Records contained in a dataset:
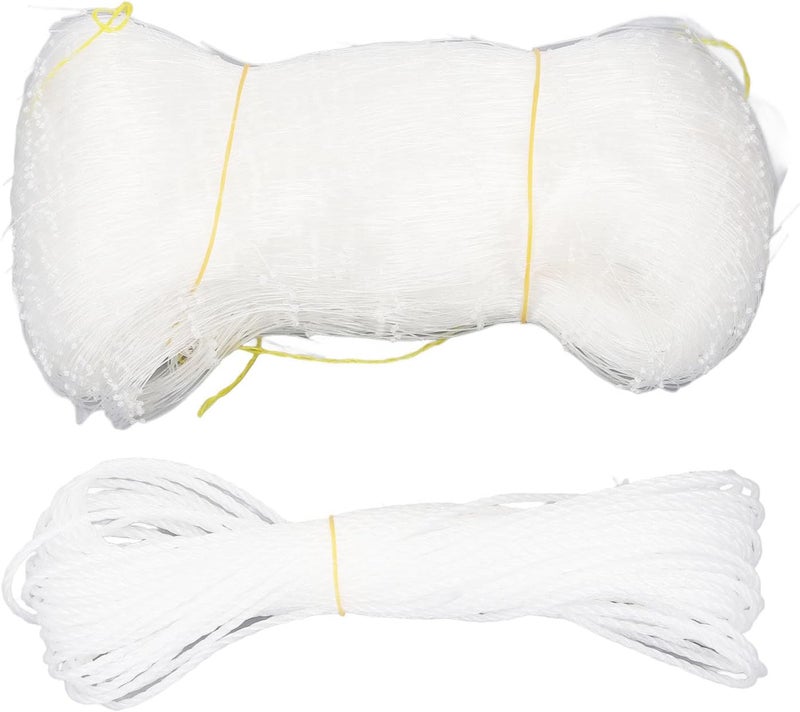 شبكة بركف القط من زيروديس (Zerodis Cat Balcony Net)، سياج شبكي نايلوني آمن مزود بأربطة محكمة لحماية الحيوانات الأليفة من النوافذ في البركف (الطراز 2) - Image 5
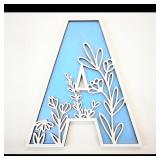Decorative Floral Letters A, E, N, and V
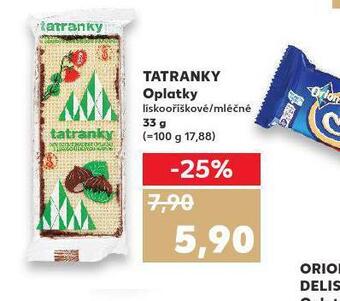 Kaufland Tatranky oplatky nabídka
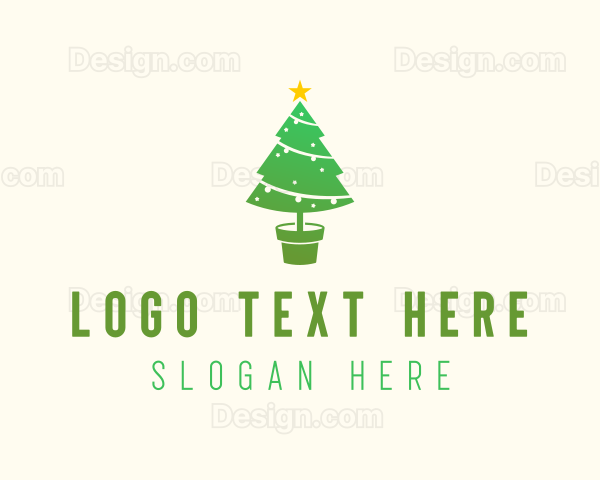 Christmas Plant Ornament Logo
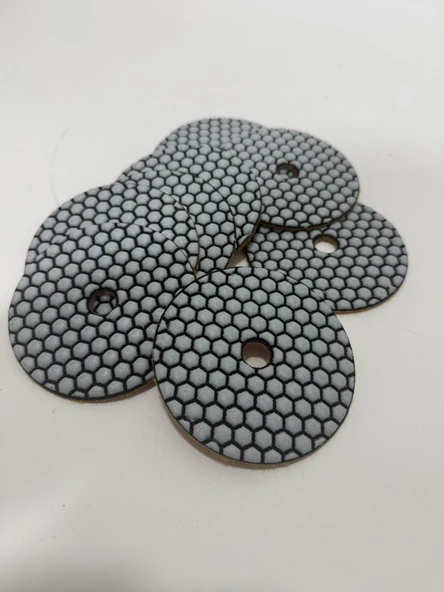 Granit ve Mermer Parlatma Pedi 200 Grid 100mm (10 Adet) - 2
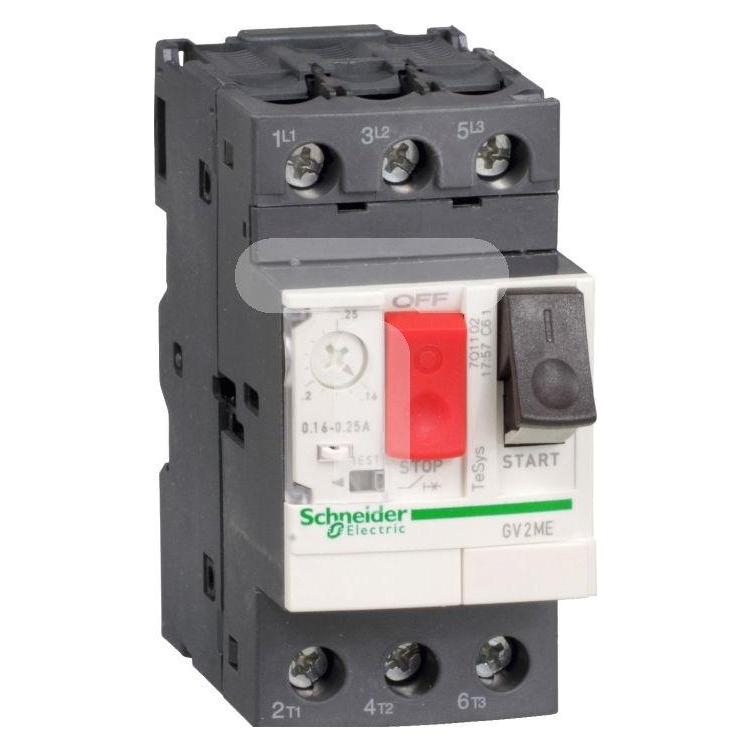 Schneider Electric Wyłącznik silnikowy 3P 0.75kW 1.6-2.5A PL (GV2ME07AP) (GV2ME07AP)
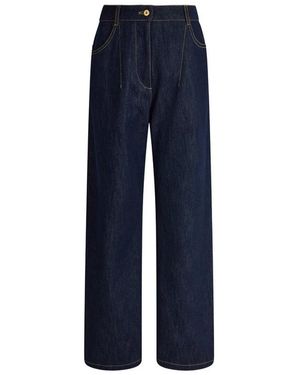 Patou Jeans ,Blauw ,Denim Iconische Denim Broek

## INSTRUCTIONS TO FOLLOW
In transcribing the lines above, omit the images and keep all else exact.

## EXERCISE RESPONSE
 شبكة بركف القط من زيروديس (Zerodis Cat Balcony Net)، سياج شبكي نايلوني آمن مزود بأربطة محكمة لحماية الحيوانات الأليفة من النوافذ في البركف (الطراز 2) - Image 5
Decorative Floral Letters A, E, N, and V
 Kaufland Tatranky oplatky nabídka
 Christmas Plant Ornament Logo
 Granit ve Mermer Parlatma Pedi 200 Grid 100mm (10 Adet) - 2
 Schneider Electric Wyłącznik silnikowy 3P 0.75kW 1.6-2.5A PL (GV2ME07AP) (GV2ME07AP)
 Patou Jeans ,Blauw ,Denim Iconische Denim Broek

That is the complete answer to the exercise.